(foto LaPresse)

Bandiera Bianca

Il problema degli insegnanti è dentro alle scuole, non fuori

Antonio Gurrado

Mentre si parla ancora di come dovrebbero comportasi i professori quando non sono all'interno delle aule, quelli dietro alle cattedre continuano a subire violenze e pestaggi da genitori e alunni 

Di là dall’evenienza non trascurabile che si tratti di una maestra elementare a tempo indeterminato o di una supplente occasionale alle medie, il ruttino di Matteo Salvini su Ilaria Salis si fonda sul sottinteso che un insegnante sia insegnante anche fuori dalla scuola.
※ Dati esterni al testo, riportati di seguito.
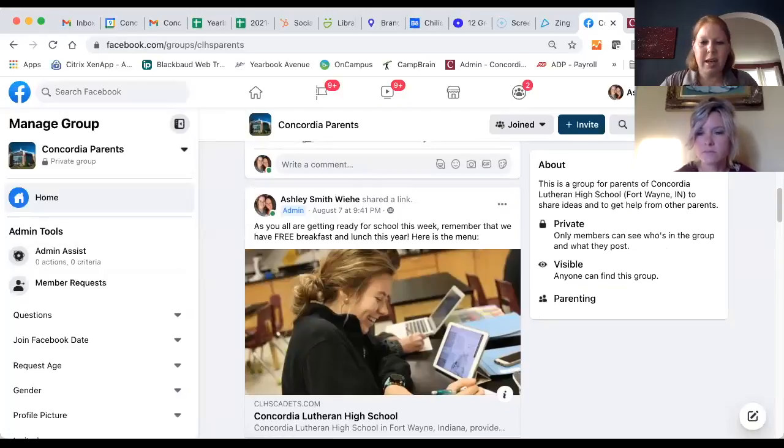We also have a school app. Go to the app store and search Concordia Lutheran High School Fort Wayne — or Concordia Fort Wayne. Keep in mind there is a Concordia Lutheran High School in Texas, so look for the Fort Wayne one. The app has great resources including another link to On Campus, the daily bulletin, the staff directory, and a lot of other great information. We encourage you to download it.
Presupposto invero discutibile, che ammanta gli insegnanti di un ruolo sacerdotale ma che finisce per svilirli: non solo come cittadini, che dovrebbero essere liberi di fare ciò che preferiscono quando non lavorano, fermo restando il comune rispetto della legge, ma anche come professionisti, implicando che non lavorino per ricevere uno stipendio bensì perché investiti di un compito sovrannaturale ventiquattr’ore su ventiquattro, un compito metafisico che non esige retribuzione commisurata al vincolo costante.
 

È in base a questo presupposto che era stata condannata, anni fa, l’insegnante anarchica di Torino che inveiva contro le scuole dell’ordine; è in base allo stesso presupposto che, in questi giorni, gli insegnanti di un liceo milanese sono fisicamente usciti a far lezione in strada per andare incontro agli studenti che non stanno occupando l’istituto. Anche senza i toni beceri di Salvini, tutti sembrano d’accordo in linea di principio. Fatto sta che, proprio contemporaneamente, arriva la notizia del preside di Taranto insultato e malmenato, insieme alla vicepreside e a una docente, da genitori imbufaliti per le solite beghe che hanno causato infiniti casi simili negli ultimi anni. Ma siamo troppo impegnati a tutelare il ruolo degli insegnanti fuori dalla scuola per potercene occupare anche dentro.